Confío. Cuesta trabajo confiar. Confiar en cómo voy a gastar mi energía en mi organismo. Confiar en el oxígeno máximo, en la capacidad aeróbica.

Pienso que las ballenas no viajan en temporada de huracanes. No se ahogan, ellas saben nadar. Saben hacer travesías largas. No hacen travesías en peceras. Hacen travesías en los océanos de la Tierra.

¿En qué o quién quiero pensar mientras nado?, me pregunto unas horas antes de hacer la travesía: ¿en mi ego?, en mi fuerza?, ¿en mi disciplina?, ¿en mis hijas, en mis hermanas?, ¿en mi madre que parió diez veces?, o ¿en el desierto y sus plantas, tan viejas como gigantes?

Visité por segunda vez la bahía Las ánimas. Vi árboles lomboys enterrados en dunas blancas, con sus raíces ocres desnudas. Vi garzas azules y sus patas se confundían con los troncos de los manglares. Ví muchas cabezas secas de tiburones martillo.
Hace un año en Guerrero Negro, ví un tiburón llamado perro muerto en el viejo faro. No sabía que existía un tiburón con ese nombre. Su cabeza no es más grande que mi mano. En el museo del pueblo hay uno disecado y otro igual de pequeño que se llama tiburón mamón. Es verdad. Tienen que visitar el museo y ahí lo verán. No es broma. El tiburón ballena es tan grande como lento. No le gusta la comida de carne humana. De diez personas que les he contado sobre mi nueva disciplina en aguas abiertas, ocho me han preguntado si no les tengo miedo a los tiburones. Yo les contesto con mi risa desparpajada y nerviosa: No.

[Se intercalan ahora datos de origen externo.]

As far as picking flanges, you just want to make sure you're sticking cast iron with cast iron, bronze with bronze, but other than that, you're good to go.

No sé si esta noche podré dormir. Experimento el miedo y el deleite de vivir, aunque acepto que sí tengo miedo a los tiburones. Miedo a que me trague una orca. Miedo a que me enrede en una placenta de ballena. Miedo a que una corriente me lleve a mar abierto. Miedo a las medusas.

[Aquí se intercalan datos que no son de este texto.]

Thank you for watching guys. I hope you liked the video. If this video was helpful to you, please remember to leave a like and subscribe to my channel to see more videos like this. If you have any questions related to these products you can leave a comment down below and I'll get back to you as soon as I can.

El miedo es una de las emociones más antiguas y poderosas de la humanidad. Aunque lo desconocido se ha ido reduciendo con el tiempo, en nuestros tejidos nerviosos vive el miedo primitivo. Corre por nuestra sangre. Nadar en el mar es incierto. El peligro es real y más cuando la otredad es un animal. Suena dramático pero lo marco: nadar es un acto de equilibrio y fuerza al filo del abismo. ¿Cuál sería el miedo más monstruoso en desplazar mi cuerpo por el mar? He creado una ruta para cruzar las islas de Bahía de los Ángeles, el archipiélago más grande del Golfo de California. Así quiero envejecer cruzando de isla a isla, de tierra a isla. Y al revés.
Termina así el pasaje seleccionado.